Wednesday, 10 August 2016

Café Society

Woody Allen keeps making films and I keep enjoying them, finding them more entertaining than most comedy dramas out there. 

In a voice that doesn’t quite sound like him, Allen narrates the story of Bobby Dorfman (Jesse Eisenberg), a young man from New York City seeking to start a new life working for his uncle Phil (Steve Carrell) in 1930’s Hollywood. Bobby falls in love with his uncle’s secretary, Vonnie (Kristen Stewart), but Vonnie is in love with someone else. Meanwhile, Bobby’s older brother, Ben, has moved up in New York City’s gangster world and has bought a nightclub. Ben offers Bobby the opportunity to help him run the nightclub. With his heart broken, Bobby accepts Ben’s offer and returns to NYC, where both his life and personality will change dramatically. 

I’ve left a lot out to avoid too many spoilers.
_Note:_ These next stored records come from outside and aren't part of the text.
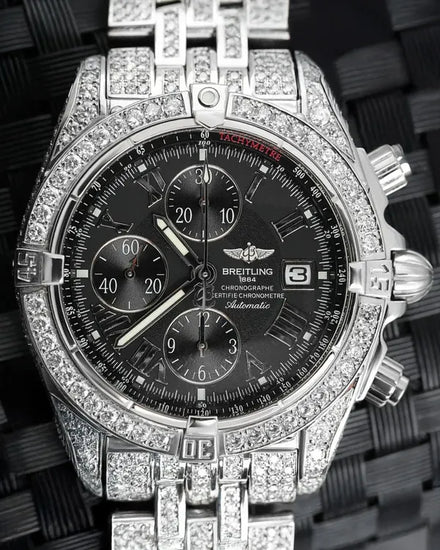 Breitling Chronomat  Evolution 44MM Aftermarket Black Dial Steel Bracelet (A13356)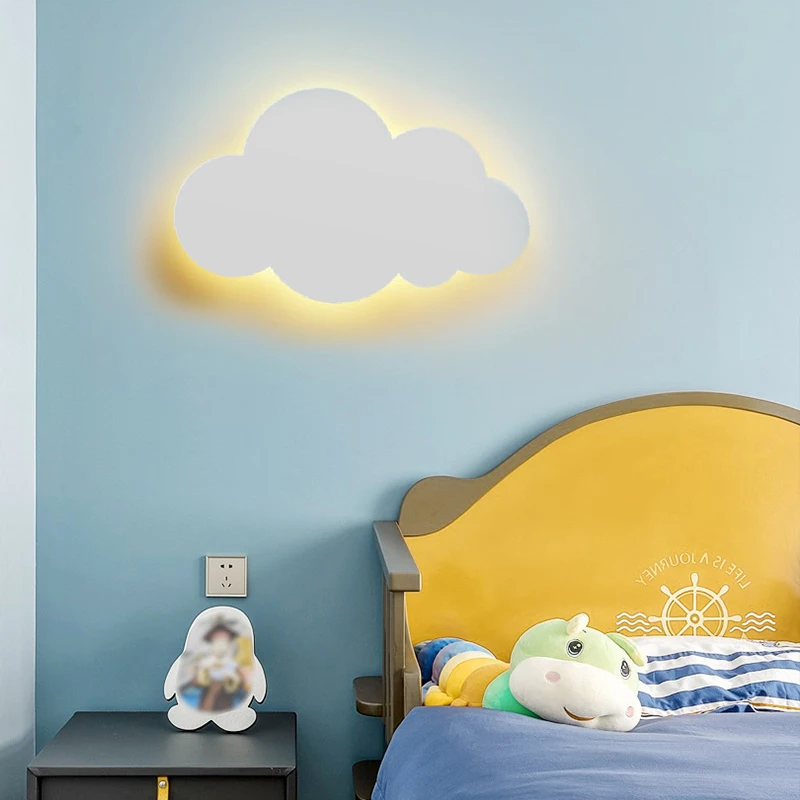 LED Cloud Wall Lamps Modern Living Room Girl Children\'s Bedroom Kids Acrylic&Iron Minimalist Decoration Blue Pink White110V 220V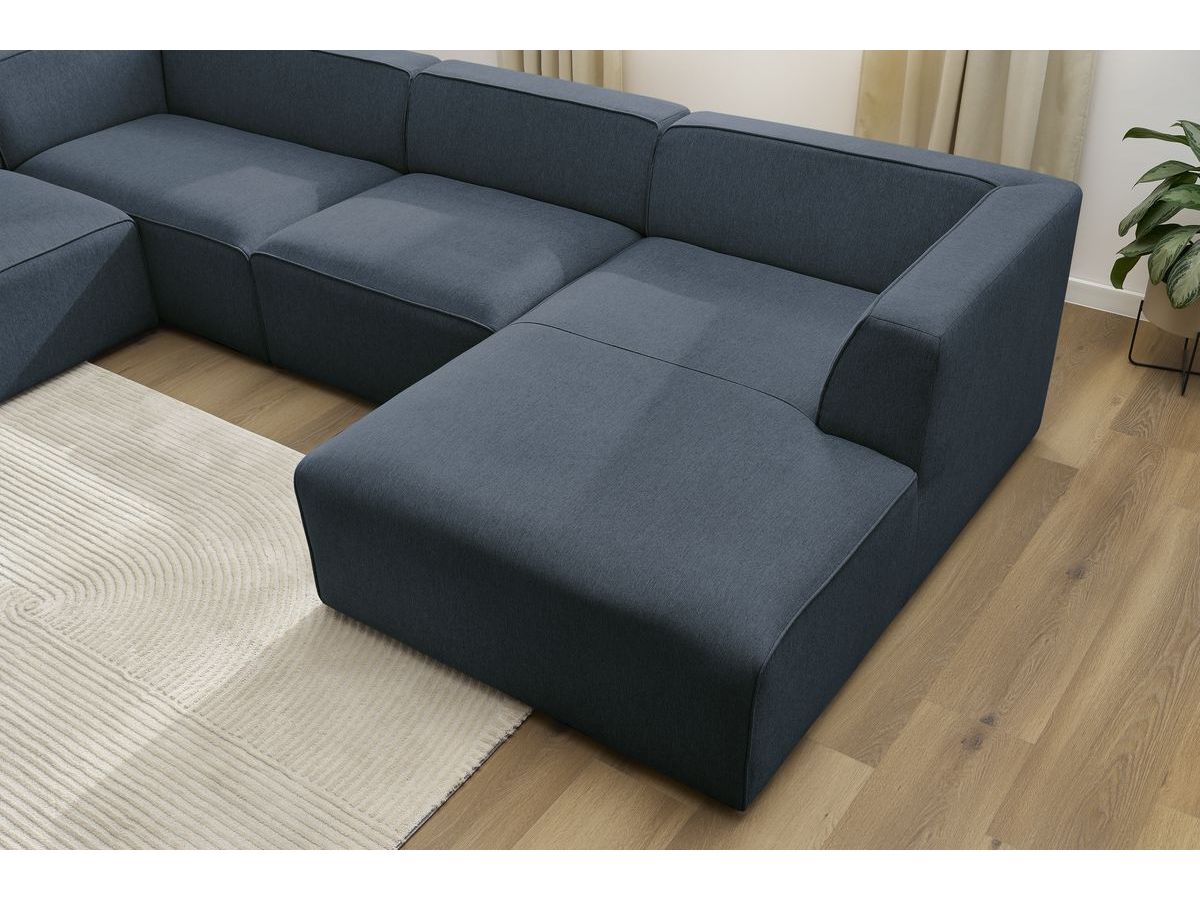 Bobochic Megeve Wohnlandschaft Melange-Stoff Dunkelblau Ecke rechts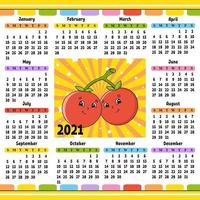 Calendar for 2021 with a cute character. Fun and bright design. Isolated color vector illustration. Cartoon style.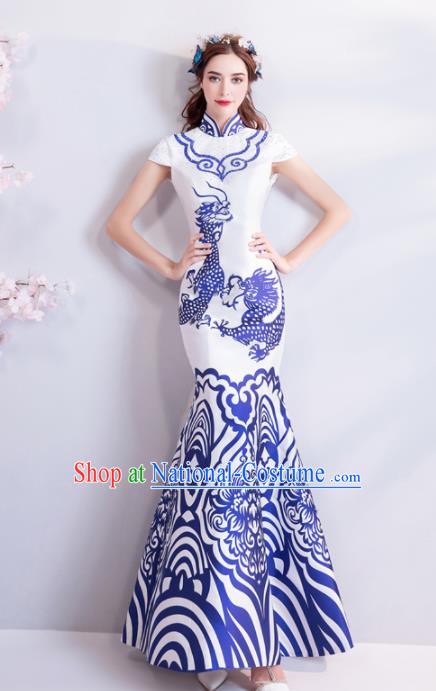 Chinese Traditional White Mermaid Cheongsam Costume Compere Full Dress for Women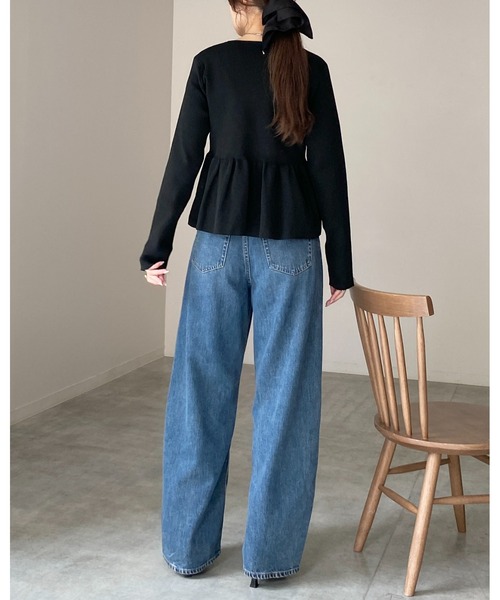 She's Closet(シーズクローゼット)の「長袖 前ボタン ペプラムニットカーディガン(カーディガン/ボレロ・レディース・ブラウン/アイボリー/チャコールグレー/ブラック・FREE)」の12枚目の写真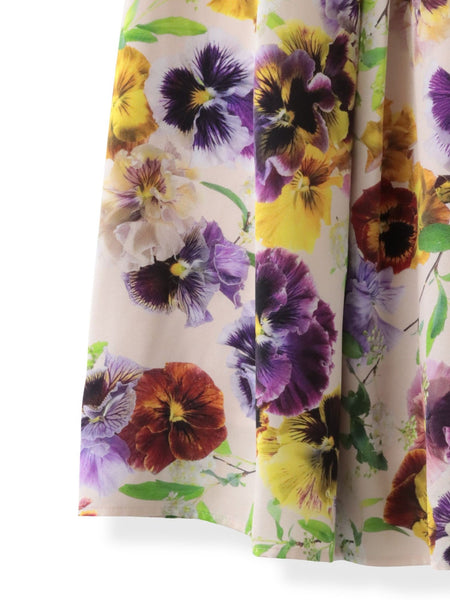 【KEITA KAWASAKI × Viaggio Bluコラボ】パンジープリントスカート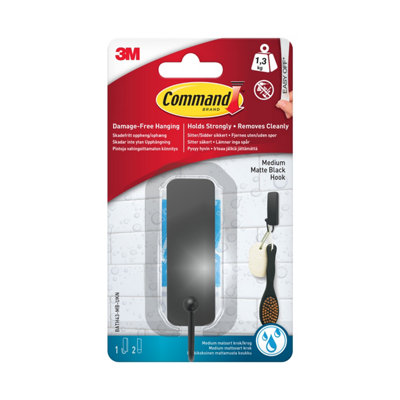 3M Command Medium Black Bath Adhesive Hook (Holds)1.3Kg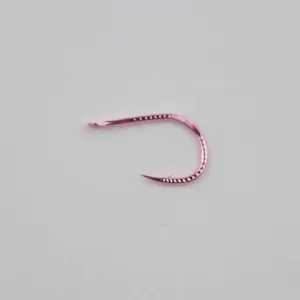 Close-up detail of a vibrant pink fishing hook with barb, metallic finish for freshwater angling.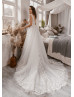 V Neck Ivory 3D Lace Tulle Elegant Wedding Dress V Neck Ivory 3D Lace Tulle Elegant Wedding Dress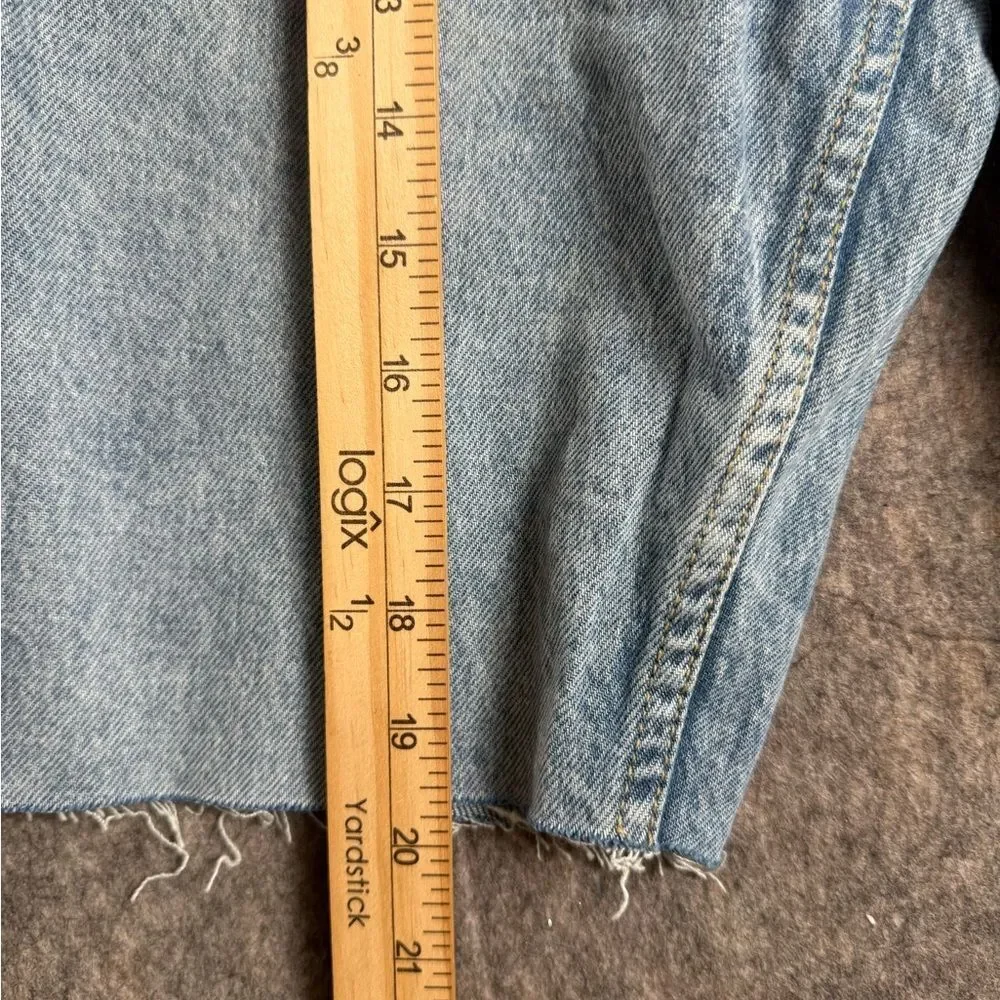 Zara Cut Off Shorts Women 6 Blue Denim Medium Wash Cotton Frayed Hem‎ 5-Pockets - Picture 2 of 6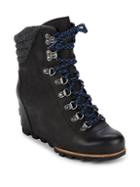 Sorel Conquest Leather Wedge Booties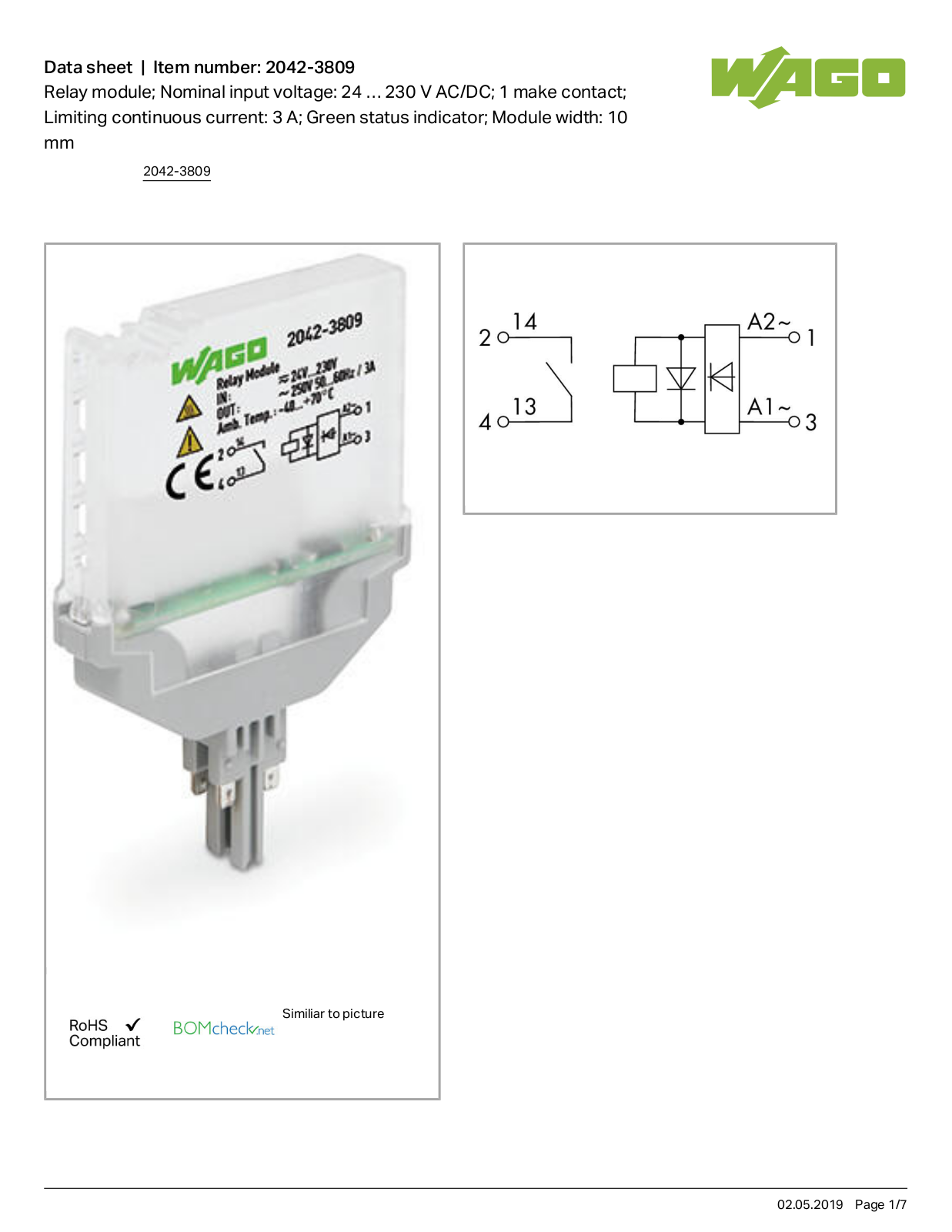 Wago 2042-3809 Data Sheet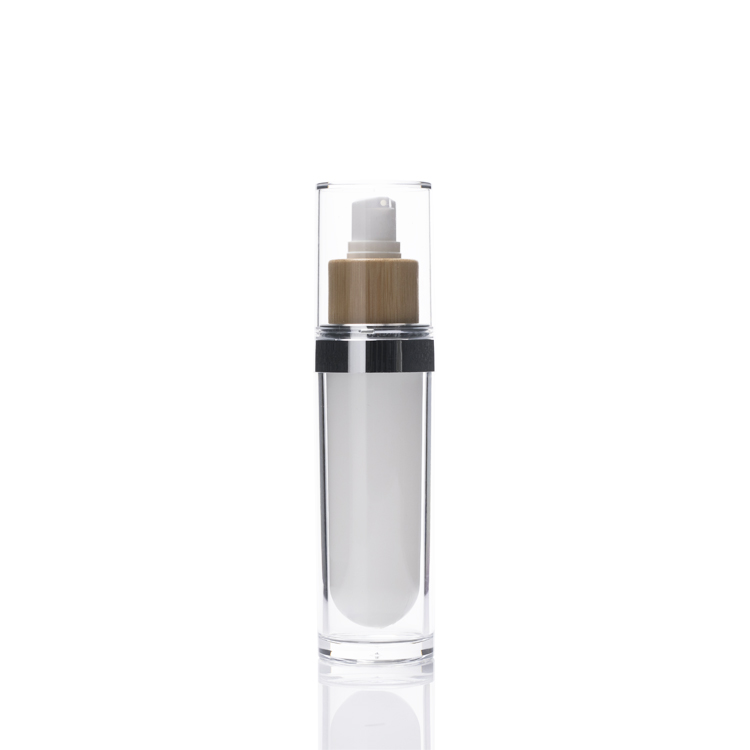 1oz 2oz 4oz white bamboo acrylic pump lotion serum cosmetic bottle 15ml 30ml 60ml 120ml acrylic bottle with bamboo accessory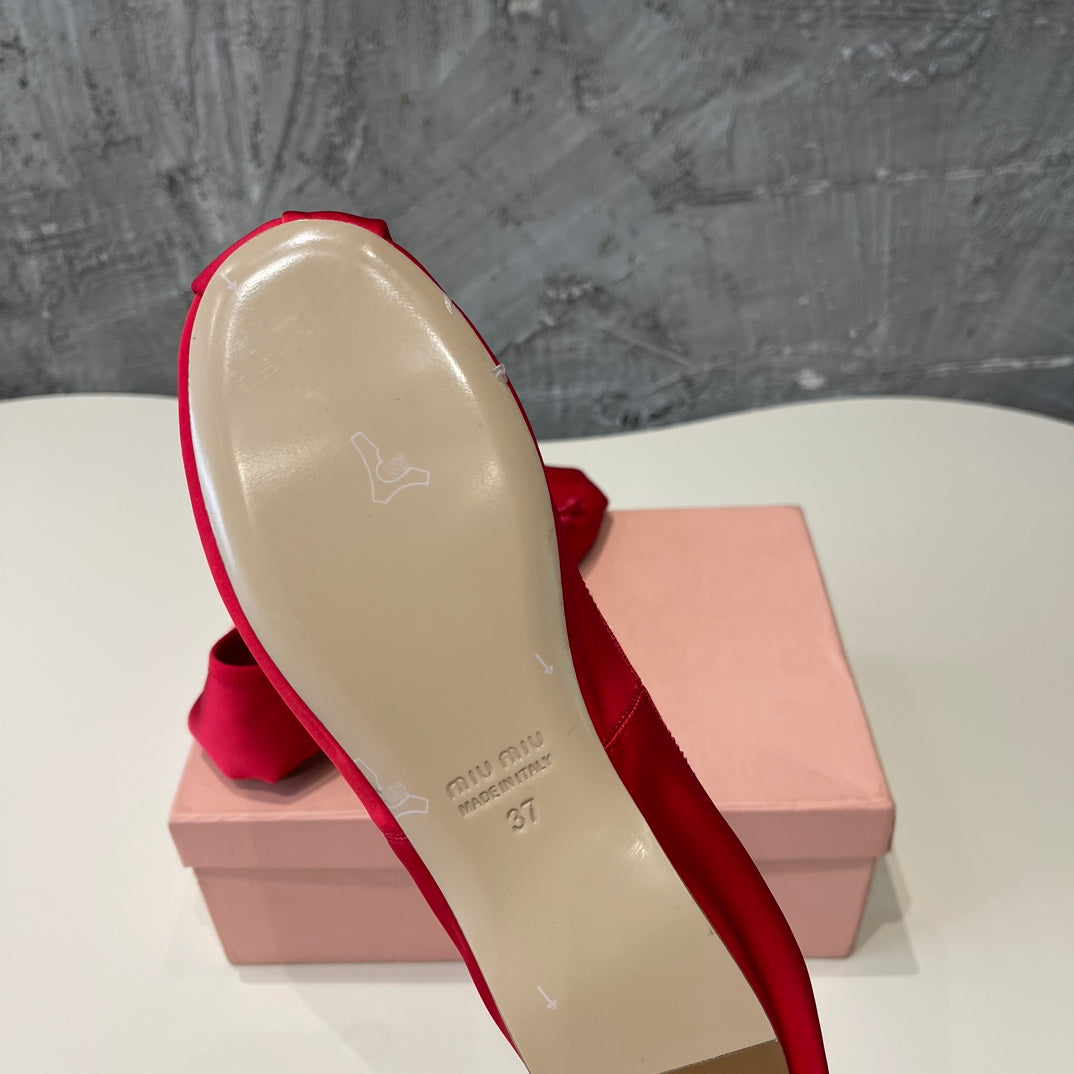 BALLET FLAT SHOES CRIMSON COLOR GLOSSY SHEEPSKIN - 35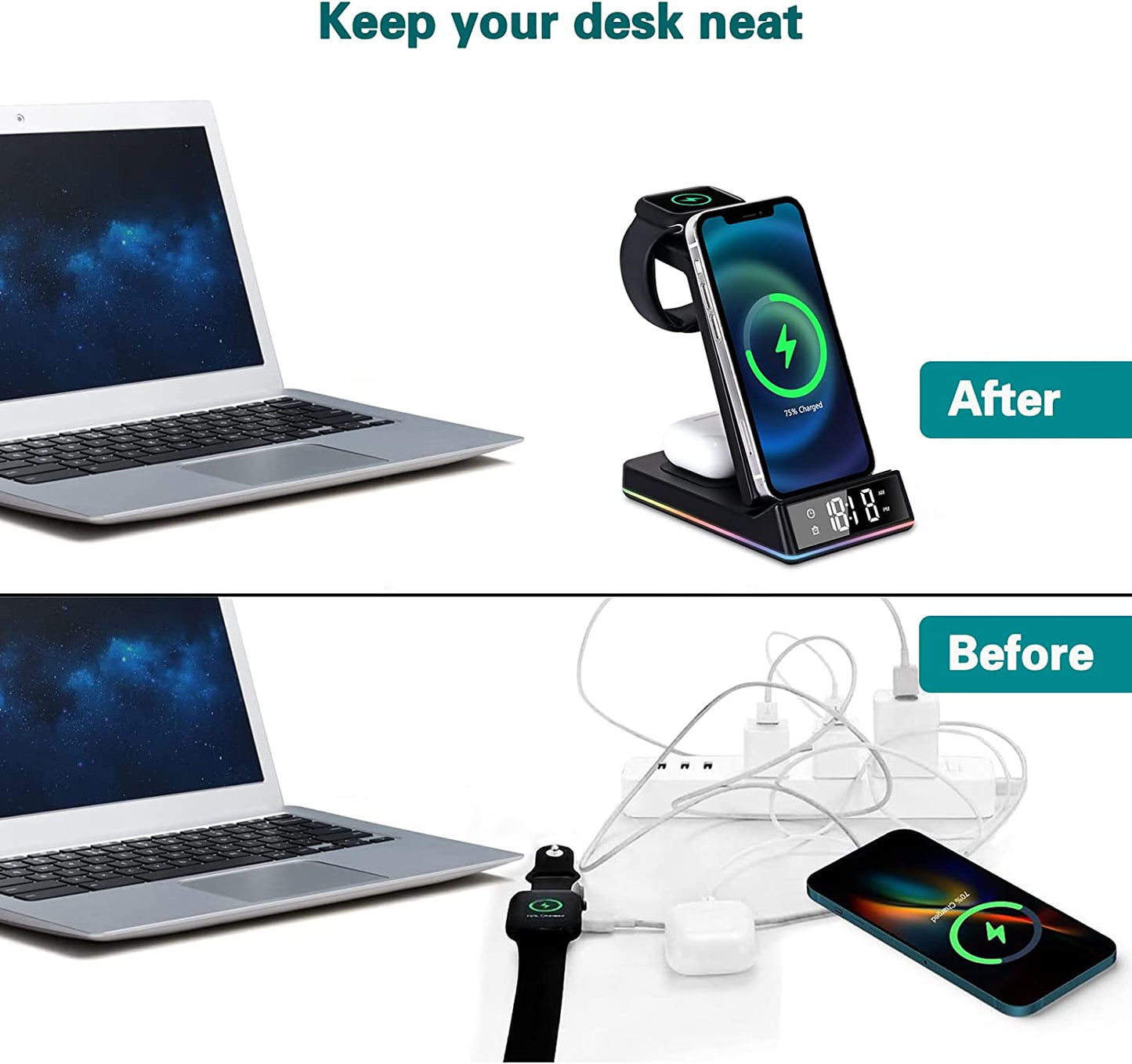 FYY Wireless Charger,5 in 1 Foldable QI Fast Wireless Charging Station Compatible with Iphone 13/12/11 Pro Max/Xs Max/Xr/Xs/X/8/Se,Iwatch Series 7/6/5/4/3/2/Se,Airpods Pro/3/2 - Black GUANGZHOU WENYI COMMUNICATION EQIPMENT CO.,LTD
The description above doesn’t sound very funny, and the romance is actually quite serious and sad, but there are many funny lines in this dialogue-heavy film. Especially funny is the violent dark comedy, though the violence is also a little disturbing. 

Café Society isn’t one of Allen’s better films. It’s rather lightweight, it misses opportunities to help us truly engage with the characters, and a number of scenes fall flat, causing the film to drag at points. But the actors mentioned above do their best with what Allen’s given them (with Stewart standing out) and there are more more scenes that worked for me than those which didn’t work. The highlight for me, however, was the extraordinary cinematography - a work of art. The gorgeous cinematography did its best to contribute to the creation of a 1930’s atmosphere, though the overall success of that atmosphere was limited. 

Without the great cinematography, this would have been a standard, enjoyable three-star Allen film, as many of his more recent films have been, but it was such a joy to just look at Café Society that I’m letting the film fall somewhere between *** and ***+. My mug is up.